Given DHI’s technical and fundamental strength over the past year, the stock’s pullback to support amid a longer-term uptrend provides a potential entry point for a bullish pre-earnings options trade. Instead of buying a call outright, however, traders should consider limiting risk by opening a bull call spread.

With November implieds suggesting a potential post-earnings move of 6%, a November 21/22 bull call spread stands a good chance of realizing a profit.

At the close on Thursday, this spread was offered at 39 cents, or $39 per pair of contracts, placing breakeven at $21.39 — a gain of only 1.8% from yesterday’s close. A maximum profit of 61 cents, or $61 per pair of contracts, is possible if DHI closes at or above $22 when November options expire.

Trading Beazer Homes

Beazer Homes is expected to post a narrower fourth-quarter loss of $1.11 per share, up from a loss of $2.35 per share a year ago.

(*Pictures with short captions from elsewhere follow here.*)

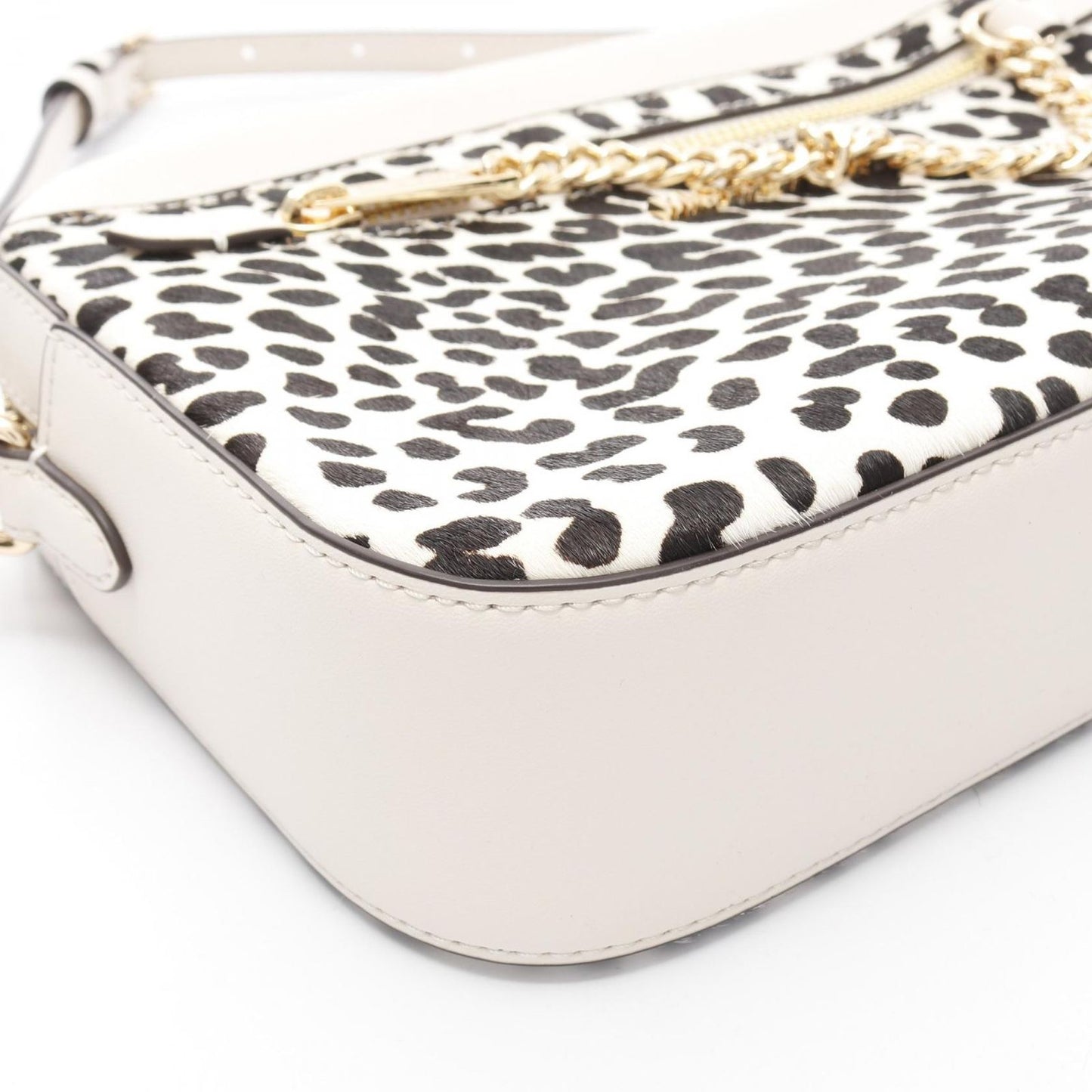 Michael Kors Jet Set Large Crossbody Bag - Ivory & Black Leather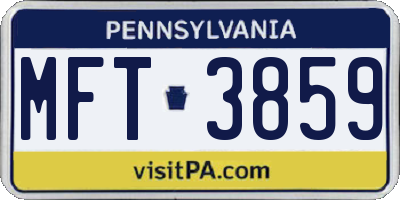 PA license plate MFT3859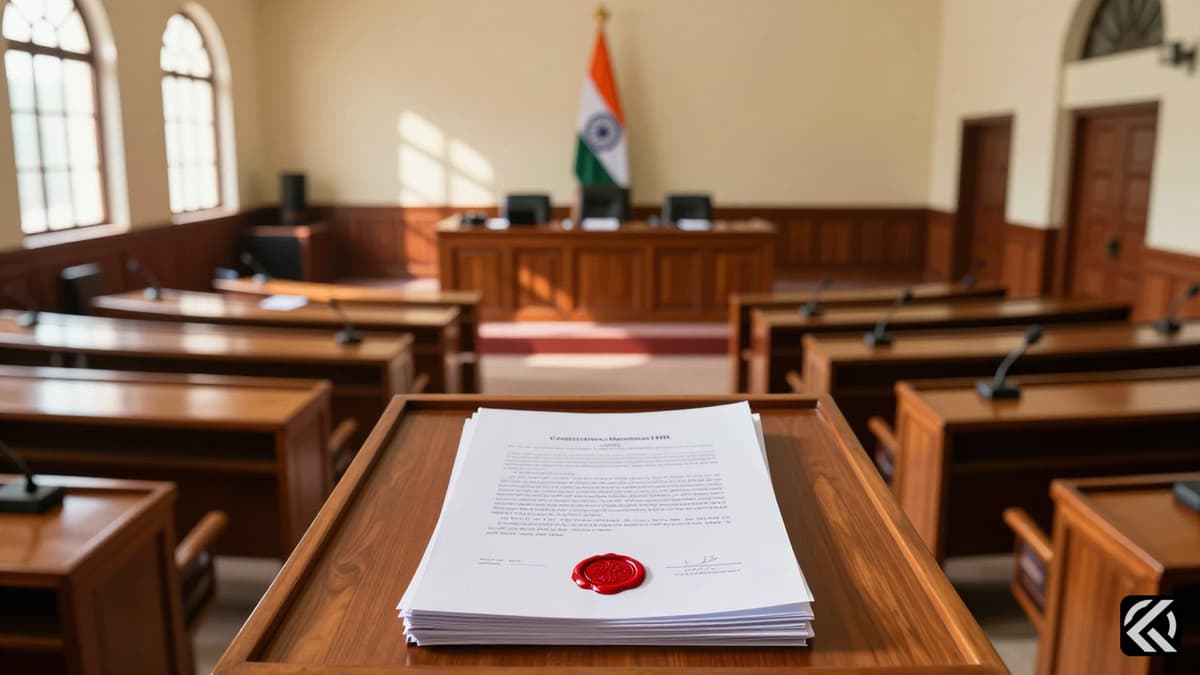 Wooden desks in the Indian Lok Sabha chamber with a stack of official amendment documents on the podium and the national flag in the background.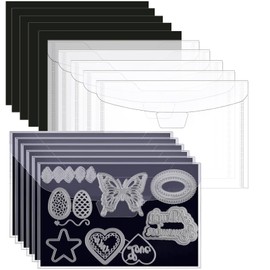 CYFUN DESIGN 20 buste grandi per stampi e timbri con fogli magnetici in gomma, spessore 0,5 mm, 19 x 14 cm, trasparenti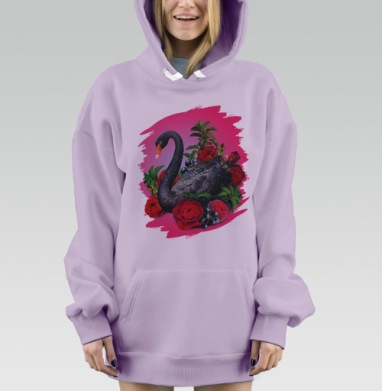 Черный лебедь в цветах, Hoodie Mjhigh Dig Mel, Fiolet, утепленная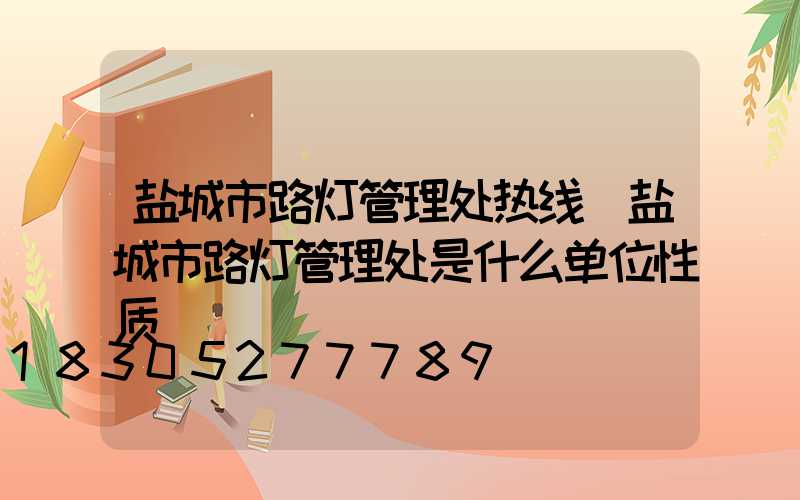 盐城市路灯管理处热线(盐城市路灯管理处是什么单位性质)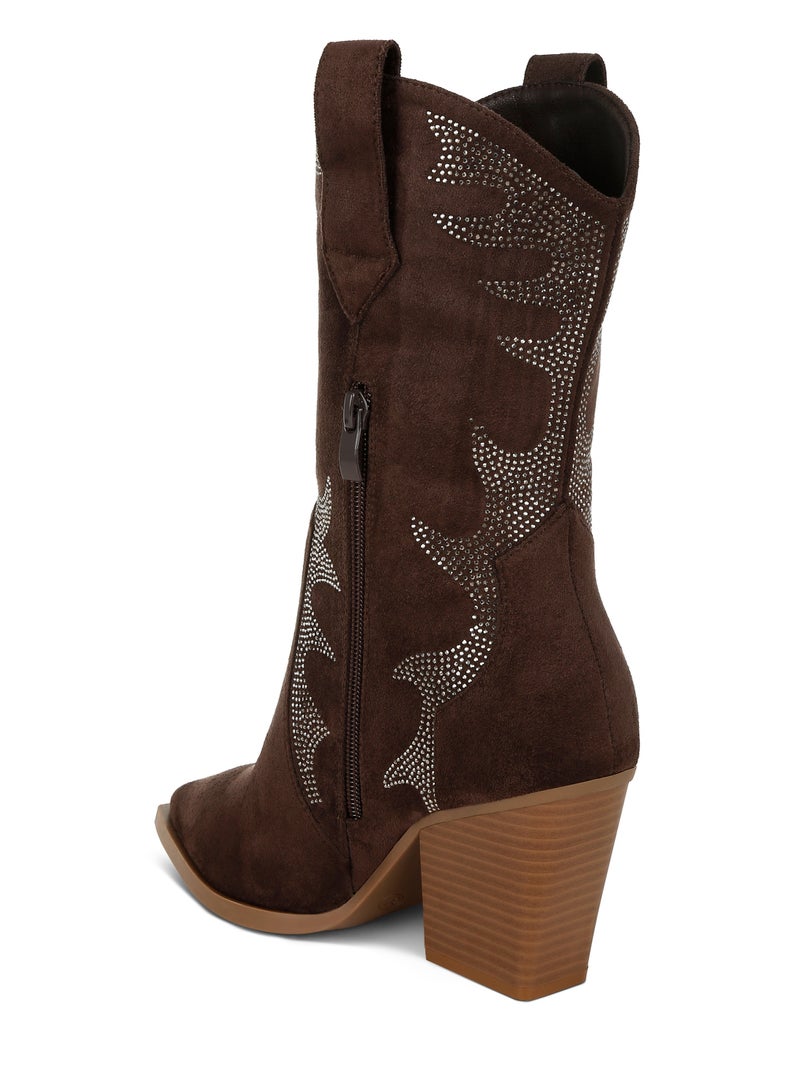 London Rag Rhinestones Embellished Calf Boots in Brown  - Image 3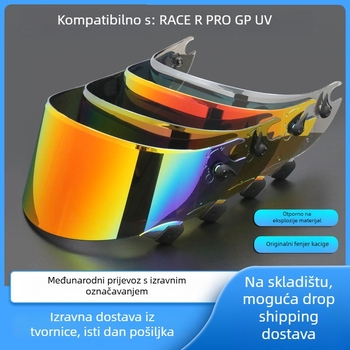Leće za kacigu za motocikl, model Race R Pro GP, marka Riding Club, elektroplatirani premaz, kompatibilne sa SHARK Race R Pro GP
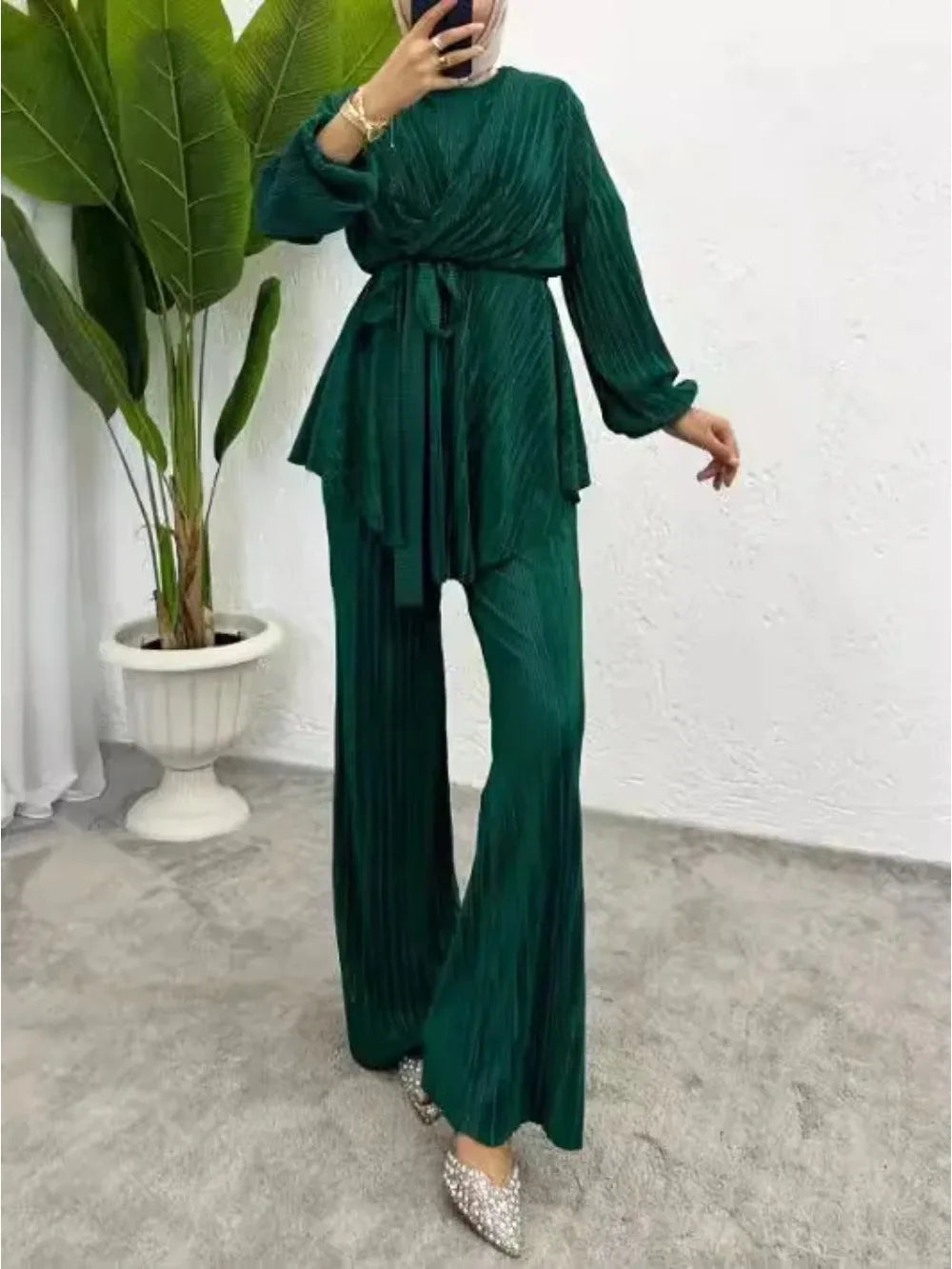 Two Piece Set Muslim Women Modest Top Wide Leg Pants Solid Suit Morocco Dubai Temperament Ensemble Arabic Elegant Outfits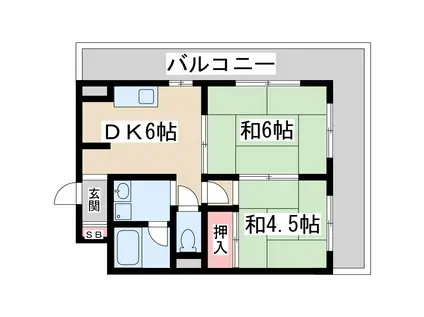 シャルムビラ土井(2DK/2階)の間取り写真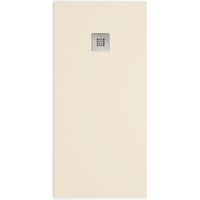 Mineralguss-Duschwanne extra flach MADISON Schieferoptik BEIGE 90x120cm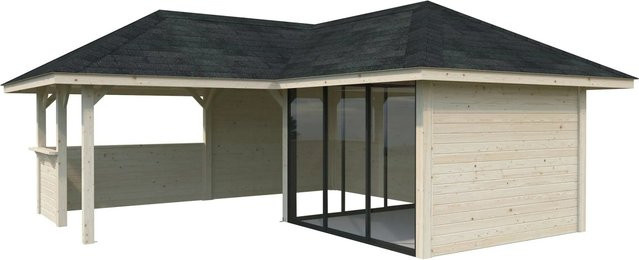 PALMAKO Pavillon Bianca Set 209 Slide aus Fichtenholz in Braun mit Alu-Schiebetüren und Eck-Tresenanlage, B/T/H: 588 x 588 x 319 cm - Bild 2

Revenue, meanwhile, is forecast to fall 1.1% to $331.2 million on a year-over-year basis.

While Beazer’s fourth-quarter figures don’t look all that promising, investors might be paying closer attention to the company’s forward looking statement in the wake of BZH’s appearance at Deutsche Bank’s Leveraged Finance Conference. Specifically, Beazer told analysts that it is building communities faster than expected this year and that it anticipates spending more on land in fiscal 2013.

Speaking of analysts, there isn’t much confidence among those following BZH, with the stock attracting 4 “sells,” 4 “holds” and 4 “buy” ratings. That said, analysts could be poised to shake things up, as BZH is trading firmly above the consensus 12-month price target of $15.63, closing Thursday at $17.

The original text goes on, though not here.